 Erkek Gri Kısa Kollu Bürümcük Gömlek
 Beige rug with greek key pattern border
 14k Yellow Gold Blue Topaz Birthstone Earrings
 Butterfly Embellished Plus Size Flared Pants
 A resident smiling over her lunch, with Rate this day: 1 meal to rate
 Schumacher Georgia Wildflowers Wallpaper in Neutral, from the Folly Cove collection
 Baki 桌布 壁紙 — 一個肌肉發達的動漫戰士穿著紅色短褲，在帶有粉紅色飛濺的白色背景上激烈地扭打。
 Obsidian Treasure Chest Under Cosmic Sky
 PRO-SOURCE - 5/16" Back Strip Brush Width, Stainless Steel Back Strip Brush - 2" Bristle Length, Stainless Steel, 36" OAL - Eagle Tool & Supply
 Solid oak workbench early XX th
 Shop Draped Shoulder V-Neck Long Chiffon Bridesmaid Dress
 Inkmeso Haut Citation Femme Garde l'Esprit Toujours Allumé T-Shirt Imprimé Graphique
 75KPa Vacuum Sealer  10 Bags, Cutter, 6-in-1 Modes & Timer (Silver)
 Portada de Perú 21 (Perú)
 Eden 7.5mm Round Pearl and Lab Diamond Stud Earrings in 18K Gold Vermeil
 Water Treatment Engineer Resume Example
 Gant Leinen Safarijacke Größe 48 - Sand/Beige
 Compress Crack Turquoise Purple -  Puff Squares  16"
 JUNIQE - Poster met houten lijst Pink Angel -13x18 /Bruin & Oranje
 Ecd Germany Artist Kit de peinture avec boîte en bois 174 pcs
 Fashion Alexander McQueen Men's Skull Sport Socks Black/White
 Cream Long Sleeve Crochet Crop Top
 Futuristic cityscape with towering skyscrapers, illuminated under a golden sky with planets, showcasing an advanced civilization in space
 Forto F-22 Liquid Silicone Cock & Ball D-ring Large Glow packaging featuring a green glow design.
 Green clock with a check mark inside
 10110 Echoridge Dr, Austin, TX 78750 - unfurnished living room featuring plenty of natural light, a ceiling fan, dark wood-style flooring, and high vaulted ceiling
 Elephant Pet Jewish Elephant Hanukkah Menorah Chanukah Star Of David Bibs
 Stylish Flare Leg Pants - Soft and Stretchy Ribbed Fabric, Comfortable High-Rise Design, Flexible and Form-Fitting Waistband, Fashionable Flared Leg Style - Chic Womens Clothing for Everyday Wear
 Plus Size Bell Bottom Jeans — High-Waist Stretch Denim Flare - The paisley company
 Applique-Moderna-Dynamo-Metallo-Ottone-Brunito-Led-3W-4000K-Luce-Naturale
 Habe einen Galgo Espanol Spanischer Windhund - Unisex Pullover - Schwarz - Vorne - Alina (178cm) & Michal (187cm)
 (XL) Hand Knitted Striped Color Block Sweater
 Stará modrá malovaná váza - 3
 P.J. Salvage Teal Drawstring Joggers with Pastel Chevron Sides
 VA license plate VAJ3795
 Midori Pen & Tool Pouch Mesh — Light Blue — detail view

* **Exercise objective**: Write out the lines above from the one containing "VA license plate VAJ3795" through the last, exactly as they are.

* **Reply to the exercise**:
 VA license plate VAJ3795
 Midori Pen & Tool Pouch Mesh — Light Blue — detail view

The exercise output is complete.